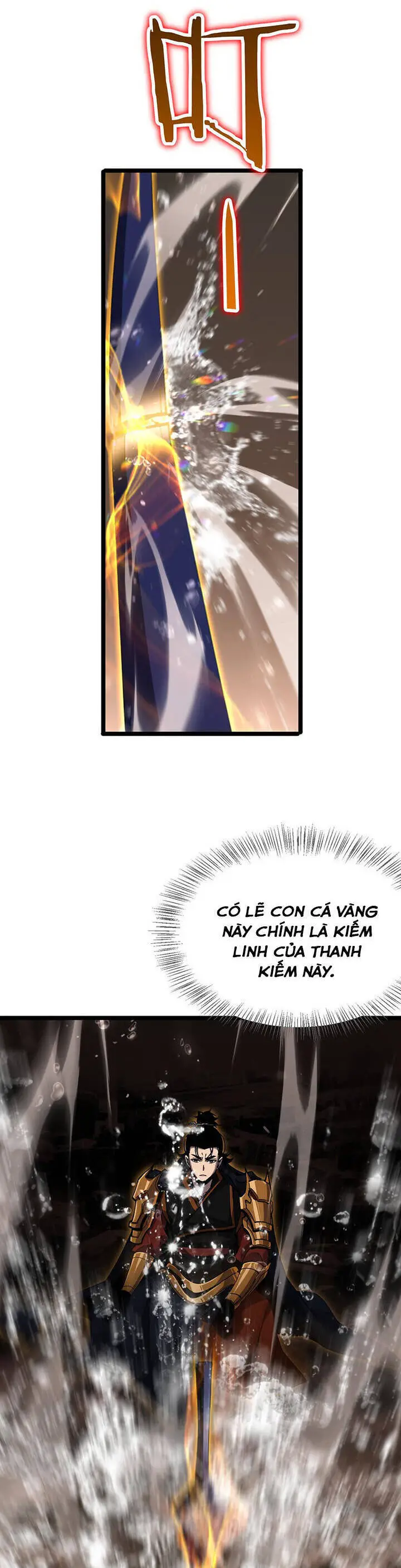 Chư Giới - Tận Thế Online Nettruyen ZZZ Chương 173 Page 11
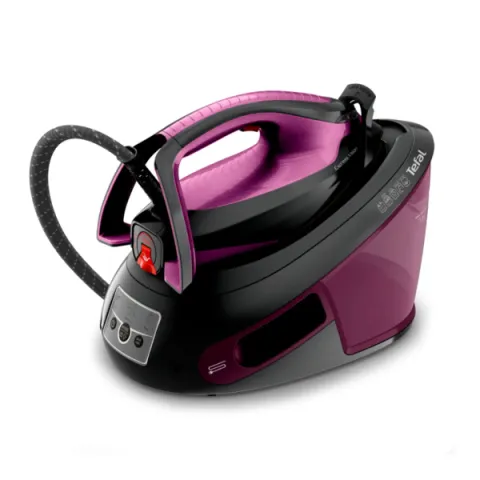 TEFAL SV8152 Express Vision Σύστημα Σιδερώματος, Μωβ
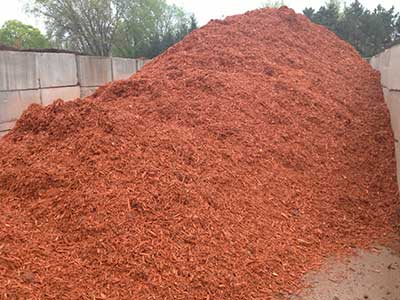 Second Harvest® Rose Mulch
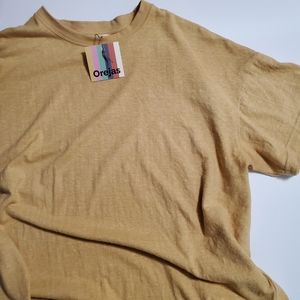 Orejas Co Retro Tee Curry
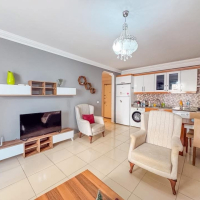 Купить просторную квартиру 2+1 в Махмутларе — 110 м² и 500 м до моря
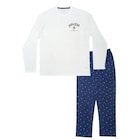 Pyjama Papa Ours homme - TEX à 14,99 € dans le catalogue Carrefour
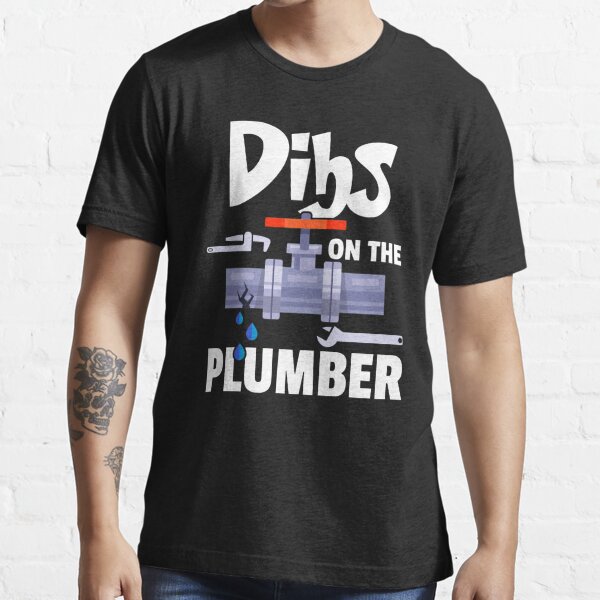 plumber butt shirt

------------------------------

WORK REQUIRED:
Word for word, restate the lines from the line with "Orejas Co Retro Tee Curry" through the last line of the entries, and nothing beyond them. Omit pictures.

RESULT:
 Orejas Co Retro Tee Curry
 Купить просторную квартиру 2+1 в Махмутларе — 110 м² и 500 м до моря
 Pyjama Papa Ours homme - TEX à 14,99 € dans le catalogue Carrefour
 plumber butt shirt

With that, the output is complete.